Menurut Rendi, tindakan tersebut merupakan solusi yang tepat agar masalah tidak berkembang menjadi salah paham yang berlarut-larut di tengah masyarakat.

“Kami menghargai mereka yang hadir secara langsung untuk meminta maaf. Hal ini menunjukkan adanya kesadaran akan tanggung jawab atas informasi yang pernah beredar dan menyebabkan persepsi yang salah,” kata Rendi.

Selain menyampaikan permintaan maaf, ketiga pemuda tersebut juga berkomitmen untuk menghapus video yang sebelumnya diunggah ke akun media sosial karena dianggap telah menimbulkan kesalahpahaman mengenai lokasi pembangunan Gedung KDMP.

Berdasarkan pemeriksaan langsung di lokasi, cerita yang menyatakan Gedung KDMP berada di tengah hutan tidak sesuai dengan keadaan sebenarnya.

Posisi bangunan hanya berjarak sekitar 150 meter dari pemukiman penduduk dan terletak di area antara Dusun I Transbandep dan Dusun II Desa Sungai Petai.

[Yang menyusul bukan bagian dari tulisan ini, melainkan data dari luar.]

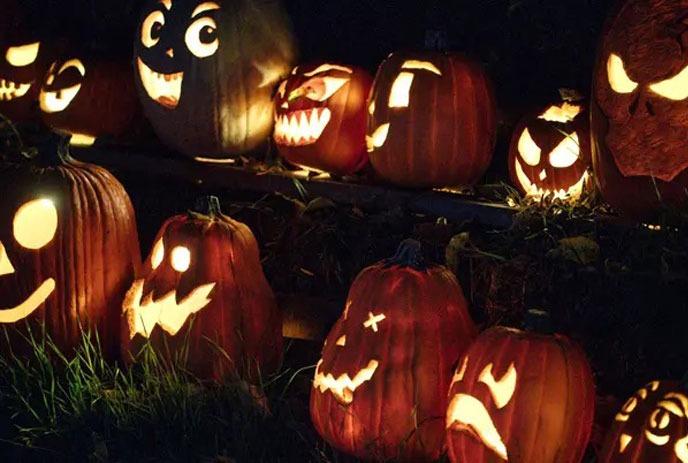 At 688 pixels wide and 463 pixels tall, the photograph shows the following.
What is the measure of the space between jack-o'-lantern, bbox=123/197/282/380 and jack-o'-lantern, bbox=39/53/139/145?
1288 mm

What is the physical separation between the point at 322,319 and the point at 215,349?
0.64m

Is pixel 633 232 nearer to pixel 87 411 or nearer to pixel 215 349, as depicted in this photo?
pixel 215 349

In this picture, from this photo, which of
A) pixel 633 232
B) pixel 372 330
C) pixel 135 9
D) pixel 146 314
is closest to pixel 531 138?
pixel 633 232

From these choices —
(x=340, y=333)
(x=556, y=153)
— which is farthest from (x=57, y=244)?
(x=556, y=153)

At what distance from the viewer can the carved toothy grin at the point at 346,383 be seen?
11.8ft

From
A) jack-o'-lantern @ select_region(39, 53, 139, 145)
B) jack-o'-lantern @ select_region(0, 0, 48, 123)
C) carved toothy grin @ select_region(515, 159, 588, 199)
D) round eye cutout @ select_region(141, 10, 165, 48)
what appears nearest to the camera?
carved toothy grin @ select_region(515, 159, 588, 199)

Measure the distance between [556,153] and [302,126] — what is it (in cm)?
110

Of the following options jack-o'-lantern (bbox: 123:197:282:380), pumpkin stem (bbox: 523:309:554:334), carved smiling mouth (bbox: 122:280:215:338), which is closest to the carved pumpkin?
pumpkin stem (bbox: 523:309:554:334)

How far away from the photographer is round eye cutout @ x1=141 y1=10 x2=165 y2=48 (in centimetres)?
483

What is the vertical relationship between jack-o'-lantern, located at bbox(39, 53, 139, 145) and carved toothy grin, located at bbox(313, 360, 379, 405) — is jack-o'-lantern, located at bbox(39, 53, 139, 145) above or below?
above

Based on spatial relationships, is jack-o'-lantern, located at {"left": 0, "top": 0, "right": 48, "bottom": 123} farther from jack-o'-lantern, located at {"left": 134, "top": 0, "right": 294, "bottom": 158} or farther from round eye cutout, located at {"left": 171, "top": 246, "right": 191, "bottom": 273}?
round eye cutout, located at {"left": 171, "top": 246, "right": 191, "bottom": 273}

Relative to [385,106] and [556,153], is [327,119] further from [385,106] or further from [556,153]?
[556,153]

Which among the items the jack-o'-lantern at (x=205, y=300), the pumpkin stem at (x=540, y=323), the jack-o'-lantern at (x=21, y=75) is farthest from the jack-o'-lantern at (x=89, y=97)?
the pumpkin stem at (x=540, y=323)

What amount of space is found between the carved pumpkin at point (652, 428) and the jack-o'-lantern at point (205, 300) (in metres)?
1.44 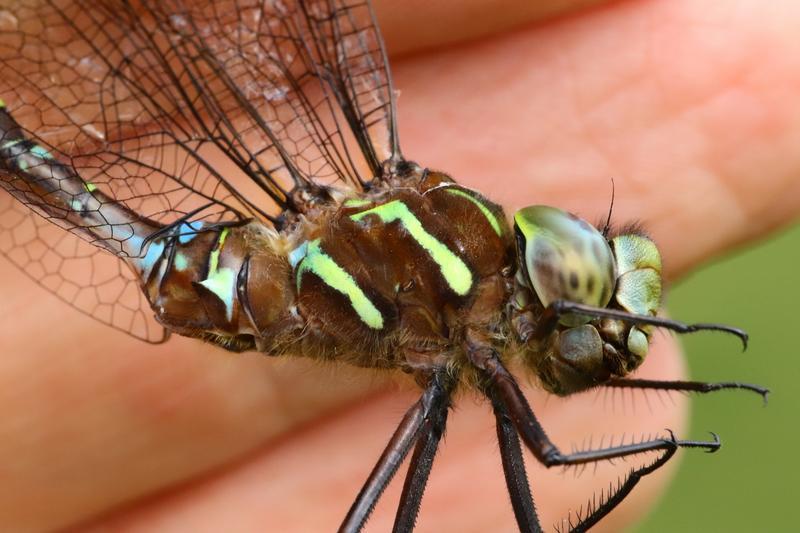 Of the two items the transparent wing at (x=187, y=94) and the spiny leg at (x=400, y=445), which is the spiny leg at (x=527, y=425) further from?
the transparent wing at (x=187, y=94)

Tokoh masyarakat Desa Sungai Petai, Lekat Imron, turut menyampaikan kekecewaannya terhadap munculnya video yang dianggap tidak mencerminkan kondisi sebenarnya dari lokasi pembangunan KDMP.

Menurutnya, penentuan lokasi pembangunan Gedung KDMP telah melalui musyawarah desa dan merupakan bagian dari rencana pemanfaatan wilayah agar pembangunan tidak terkonsentrasi di satu tempat.

“KDMP ini berada di kawasan desa, bukan di tengah hutan seperti yang disampaikan. Di sekitar lokasi masih terdapat penduduk yang tinggal dengan jarak sekitar 150 meter. Hal ini merupakan bagian dari program perluasan dan pengembangan Desa Sungai Petai,” ujar Lekat Imron.

Kejadian tersebut menjadi pelajaran bagi masyarakat untuk lebih waspada dalam menyusun dan menyebarkan konten di platform media sosial, khususnya yang berkaitan dengan informasi yang bersifat umum.

“Kami menerima permintaan maaf yang disampaikan ketiga pemuda ini, karena dilakukan secara terbuka dan diiringi niat tulus untuk memperbaiki informasi yang telah menyebar luas,” tutup Lekat Imron.